Leadership: Germany Tries The Borg Approach


June 16, 2017: Germany has come up with a new approach to joint defense operations and East European fears of the renewed Russian threat. The Germans have quietly agreed to experiment with integrating combat brigades from smaller EU (European Union) members. Initially this means a Romanian mechanized infantry brigade will become part of the German Rapid Response Forces Division and a Czech Rapid Deployment Brigade will join the German 10th Armored Division. This gives East European allies (all NATO and EU members) the extra assurances that mutual defense pledgees will be honored and, unofficially, enable East European troops to observe up close and on a daily basis, how willing and able the German armed forces are to move east to defend a European ally (rather than invade Russia, which is all the Russians can remember). This sort of thing is nothing new and efforts at such integration have been going on, and increasing, since the end of World War II in 1945. This integration approach is, however, more ambitious than earlier efforts.
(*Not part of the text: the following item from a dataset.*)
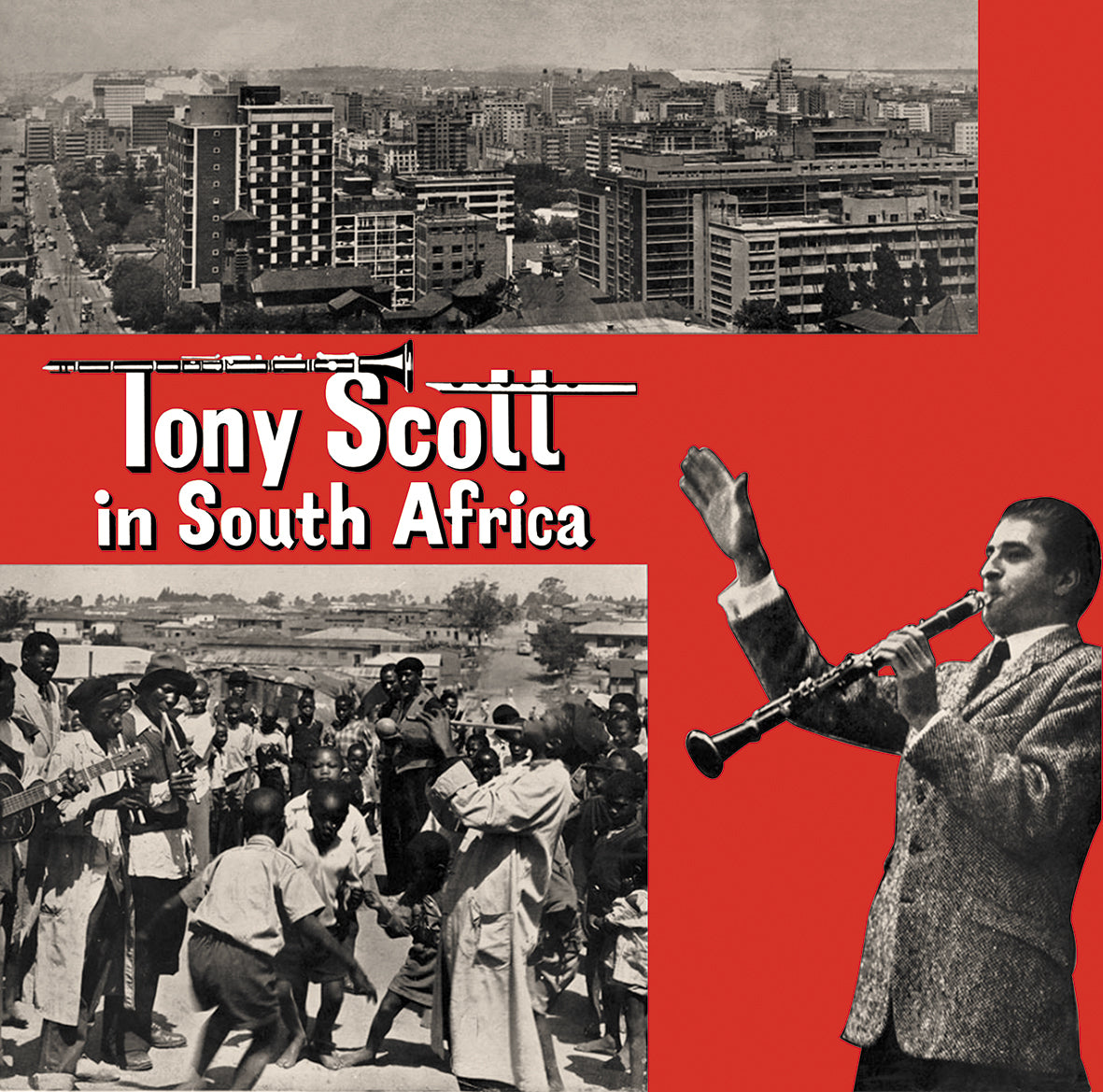 Tony Scott in South Africa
After NATO was created in 1948 European nations expected their armed forces to regularly operate closely with those from other European nations. That effort expanded after the Cold War ended in 1991 and NATO members sharply reduced their armed forces and cut defense spending. It was an economic matter at that point.

In 1993 the European Union was created and it found itself in the midst of a crises next door in the former communist state of Yugoslavia, where a civil war had broken out. The EU was meant to be an economic/political union but despite the existence of NATO, the EU has purely European and had more European nations as members than NATO did. Plans were soon underway to establish some EU military cooperation alliances as well.

By 2000, fresh from the peacekeeping crises in the Balkans, the EU succeeded in gathering a considerable number of assets for its new Rapid Reaction Force but found that post-Cold War European nations lacked much in the way of support forces. That was because most of what they had was already pledged to NATO. So the new EU force was mainly from larger nations. The contributors included Britain (an armored brigade, a marine brigade, 72 warplanes, an aircraft carrier, two SSNs, four surface warships and five support and amphibious ships), France (12,000 troops including tank and engineer brigades, 75 warplanes, 12 warships including an aircraft carrier), Germany (13,500 troops), Italy (6,000), Spain (6,000), Netherlands (5,000) and smaller contributions (totaling 12,000) from Greece, Austria, Finland, Sweden, Belgium, Ireland, Portugal and Luxembourg. Denmark was the only EU member to refuse to contribute but Turkey, seeking to join the EU and long a member of NATO offered a mechanized brigade and 30 warplanes.

This EU force quickly evolved into EU Battlegroups, a system where by the Rapid Reaction Force members arranged to take turns contributing two or three “battlegroups)” (a reinforced combat battalion) to be available for six months for quick deployment. This went into effect in 2005 and is still operational. After 2014 the focus turned towards potential emergencies involving the new Russian threat. That encouraged Germany to offer an integration option, which several East European nations expressed an interest in.